Lil' Kim - The Naked Truth
(Monday October 3, 2005 8:41 PM
)
Released on 04/09/05
Label: Atlantic
If timing is everything, Lil' Kim's couldn't be much worse. Just one week prior to the release of this, her fourth album, the lady who likes to be known as the "Queen Bee Of Hip Hop", traded her Gucci bikini for an orange boiler suit and the new title of inmate Kimberly Jones having been found guilty of perjury and sent to prison for a year and a day. While no doubt her current convict status and the circumstances surrounding it - she claimed, under oath that her manager wasn't at the scene of a shooting outside a New York radio station in 2001, when he was - will up her gangsta credentials, and draw attention to the album, there are probably plenty of record executives wishing she was at liberty to promote it.
On the up-side, her impending incarceration has given her something new to think about.
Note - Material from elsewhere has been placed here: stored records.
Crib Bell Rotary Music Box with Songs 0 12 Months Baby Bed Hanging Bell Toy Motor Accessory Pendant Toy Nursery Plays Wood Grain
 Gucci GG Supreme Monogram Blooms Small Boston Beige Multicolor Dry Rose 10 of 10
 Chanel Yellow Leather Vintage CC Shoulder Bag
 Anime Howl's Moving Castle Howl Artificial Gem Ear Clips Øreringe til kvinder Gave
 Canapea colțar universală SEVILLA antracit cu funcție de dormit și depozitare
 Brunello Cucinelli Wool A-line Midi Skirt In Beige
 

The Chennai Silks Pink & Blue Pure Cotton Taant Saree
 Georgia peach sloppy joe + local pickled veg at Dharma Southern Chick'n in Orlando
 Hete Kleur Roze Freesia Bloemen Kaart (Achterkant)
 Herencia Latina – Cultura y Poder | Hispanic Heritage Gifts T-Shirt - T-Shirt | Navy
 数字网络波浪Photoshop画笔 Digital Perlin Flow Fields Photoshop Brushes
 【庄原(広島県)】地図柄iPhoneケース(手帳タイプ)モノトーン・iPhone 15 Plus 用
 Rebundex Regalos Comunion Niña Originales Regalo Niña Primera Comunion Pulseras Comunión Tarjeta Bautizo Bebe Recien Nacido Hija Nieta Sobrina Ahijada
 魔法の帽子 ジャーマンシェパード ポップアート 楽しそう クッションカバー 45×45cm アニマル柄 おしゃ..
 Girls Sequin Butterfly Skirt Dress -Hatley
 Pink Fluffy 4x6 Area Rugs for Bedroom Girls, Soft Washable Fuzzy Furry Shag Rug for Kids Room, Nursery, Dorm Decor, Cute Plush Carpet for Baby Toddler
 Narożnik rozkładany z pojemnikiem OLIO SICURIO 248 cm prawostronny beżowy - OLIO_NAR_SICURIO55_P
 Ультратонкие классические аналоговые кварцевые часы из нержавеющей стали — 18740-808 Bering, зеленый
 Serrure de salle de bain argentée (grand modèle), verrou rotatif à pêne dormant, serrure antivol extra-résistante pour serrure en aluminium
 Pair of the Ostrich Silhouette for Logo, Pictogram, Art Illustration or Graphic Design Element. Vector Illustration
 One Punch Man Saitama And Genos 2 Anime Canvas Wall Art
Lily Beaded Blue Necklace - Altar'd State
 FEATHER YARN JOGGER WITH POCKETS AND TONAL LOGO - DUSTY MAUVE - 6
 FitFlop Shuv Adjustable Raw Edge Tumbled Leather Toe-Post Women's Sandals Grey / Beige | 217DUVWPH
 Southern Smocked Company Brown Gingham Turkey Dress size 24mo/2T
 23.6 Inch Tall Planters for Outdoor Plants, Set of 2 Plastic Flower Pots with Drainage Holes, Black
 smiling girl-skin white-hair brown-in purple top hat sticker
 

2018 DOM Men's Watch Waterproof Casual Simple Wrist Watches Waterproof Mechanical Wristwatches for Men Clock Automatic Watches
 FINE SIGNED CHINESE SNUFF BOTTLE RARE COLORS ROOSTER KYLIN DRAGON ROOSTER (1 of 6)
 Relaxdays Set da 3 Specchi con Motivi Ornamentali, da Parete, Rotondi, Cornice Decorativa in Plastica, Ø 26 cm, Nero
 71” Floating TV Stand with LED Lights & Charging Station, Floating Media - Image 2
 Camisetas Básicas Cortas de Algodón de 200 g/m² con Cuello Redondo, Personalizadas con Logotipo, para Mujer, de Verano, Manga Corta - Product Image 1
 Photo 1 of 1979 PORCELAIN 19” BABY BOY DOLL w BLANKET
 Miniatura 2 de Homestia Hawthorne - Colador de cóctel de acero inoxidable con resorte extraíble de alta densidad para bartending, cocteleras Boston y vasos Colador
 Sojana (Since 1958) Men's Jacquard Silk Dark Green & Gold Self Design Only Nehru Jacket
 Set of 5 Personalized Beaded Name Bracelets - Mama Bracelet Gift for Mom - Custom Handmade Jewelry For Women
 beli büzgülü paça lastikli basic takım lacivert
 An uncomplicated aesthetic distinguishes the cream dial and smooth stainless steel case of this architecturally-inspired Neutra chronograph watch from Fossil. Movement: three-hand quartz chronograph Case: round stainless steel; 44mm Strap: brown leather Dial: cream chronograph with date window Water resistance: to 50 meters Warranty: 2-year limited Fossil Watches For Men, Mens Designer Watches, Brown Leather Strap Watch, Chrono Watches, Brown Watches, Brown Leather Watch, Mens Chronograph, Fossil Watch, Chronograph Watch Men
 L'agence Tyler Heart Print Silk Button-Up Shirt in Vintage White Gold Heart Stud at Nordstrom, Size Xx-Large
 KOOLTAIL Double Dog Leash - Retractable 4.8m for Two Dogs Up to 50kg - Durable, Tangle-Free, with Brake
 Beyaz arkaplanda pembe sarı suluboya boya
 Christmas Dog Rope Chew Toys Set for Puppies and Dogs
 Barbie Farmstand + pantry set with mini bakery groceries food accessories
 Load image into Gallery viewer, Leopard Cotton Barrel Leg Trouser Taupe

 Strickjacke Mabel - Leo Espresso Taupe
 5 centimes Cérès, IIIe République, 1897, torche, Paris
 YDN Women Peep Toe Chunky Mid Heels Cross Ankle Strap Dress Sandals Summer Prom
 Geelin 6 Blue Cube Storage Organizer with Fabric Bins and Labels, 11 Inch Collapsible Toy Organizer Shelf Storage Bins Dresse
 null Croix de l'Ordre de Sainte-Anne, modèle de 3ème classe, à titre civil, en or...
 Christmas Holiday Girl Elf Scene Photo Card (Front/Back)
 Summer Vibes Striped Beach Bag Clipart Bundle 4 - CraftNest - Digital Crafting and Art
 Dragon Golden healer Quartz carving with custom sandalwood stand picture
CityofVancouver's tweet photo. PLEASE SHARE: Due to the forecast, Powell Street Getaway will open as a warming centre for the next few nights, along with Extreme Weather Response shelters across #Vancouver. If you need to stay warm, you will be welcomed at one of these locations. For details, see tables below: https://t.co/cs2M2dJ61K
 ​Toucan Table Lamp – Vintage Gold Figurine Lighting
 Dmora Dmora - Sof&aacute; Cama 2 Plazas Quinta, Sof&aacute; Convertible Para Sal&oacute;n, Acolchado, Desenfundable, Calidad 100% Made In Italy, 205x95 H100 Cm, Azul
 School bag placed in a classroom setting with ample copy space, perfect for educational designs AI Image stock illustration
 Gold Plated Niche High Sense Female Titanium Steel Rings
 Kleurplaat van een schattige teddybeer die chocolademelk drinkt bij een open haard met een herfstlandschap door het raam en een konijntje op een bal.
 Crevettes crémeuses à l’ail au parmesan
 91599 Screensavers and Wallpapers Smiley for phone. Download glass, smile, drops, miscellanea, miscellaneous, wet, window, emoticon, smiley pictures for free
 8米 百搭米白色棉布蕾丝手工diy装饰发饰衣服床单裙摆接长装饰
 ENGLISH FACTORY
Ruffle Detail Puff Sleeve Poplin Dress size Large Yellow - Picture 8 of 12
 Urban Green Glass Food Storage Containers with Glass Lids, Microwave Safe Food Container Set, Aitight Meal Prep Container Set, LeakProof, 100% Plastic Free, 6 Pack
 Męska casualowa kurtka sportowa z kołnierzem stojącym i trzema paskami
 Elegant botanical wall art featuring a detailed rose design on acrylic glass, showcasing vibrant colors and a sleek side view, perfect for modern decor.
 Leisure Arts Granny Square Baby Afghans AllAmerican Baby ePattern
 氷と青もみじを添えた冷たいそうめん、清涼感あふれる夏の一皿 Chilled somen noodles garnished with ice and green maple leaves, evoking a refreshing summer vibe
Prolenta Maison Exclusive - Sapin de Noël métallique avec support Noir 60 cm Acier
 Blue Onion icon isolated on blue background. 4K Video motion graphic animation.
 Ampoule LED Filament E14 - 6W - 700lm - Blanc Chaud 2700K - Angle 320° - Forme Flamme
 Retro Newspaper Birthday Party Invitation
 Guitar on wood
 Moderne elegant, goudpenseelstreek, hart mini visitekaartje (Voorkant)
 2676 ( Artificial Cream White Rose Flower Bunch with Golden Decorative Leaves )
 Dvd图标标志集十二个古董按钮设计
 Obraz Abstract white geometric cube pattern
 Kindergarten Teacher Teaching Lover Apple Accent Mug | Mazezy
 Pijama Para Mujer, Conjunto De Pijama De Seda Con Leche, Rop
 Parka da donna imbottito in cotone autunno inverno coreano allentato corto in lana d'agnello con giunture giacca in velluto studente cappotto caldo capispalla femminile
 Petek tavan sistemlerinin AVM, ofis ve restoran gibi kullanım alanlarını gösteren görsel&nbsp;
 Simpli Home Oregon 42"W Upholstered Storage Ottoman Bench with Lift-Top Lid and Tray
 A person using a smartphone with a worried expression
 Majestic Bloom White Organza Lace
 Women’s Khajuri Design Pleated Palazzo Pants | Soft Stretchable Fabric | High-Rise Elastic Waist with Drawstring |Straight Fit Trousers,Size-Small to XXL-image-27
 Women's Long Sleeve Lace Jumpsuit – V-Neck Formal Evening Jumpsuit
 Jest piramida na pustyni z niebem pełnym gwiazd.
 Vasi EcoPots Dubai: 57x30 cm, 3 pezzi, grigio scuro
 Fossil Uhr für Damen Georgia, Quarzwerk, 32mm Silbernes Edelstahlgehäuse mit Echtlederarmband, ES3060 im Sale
Since first appearing as the only female member of the Notorious B.I.G. sponsored Junior M.A.F.I.A., Kim's profile on the mainstream has been less heavyweight talent, more the Jordan of rap: her ever-expanding chest, ever-shrinking wardrobe and pornographic lyrical content having elicited more attention than her music could ever hope to. But for "The Naked Truth", her focus has been momentarily shifted from bumpin' & grindin' to the rights and wrongs of her current plight.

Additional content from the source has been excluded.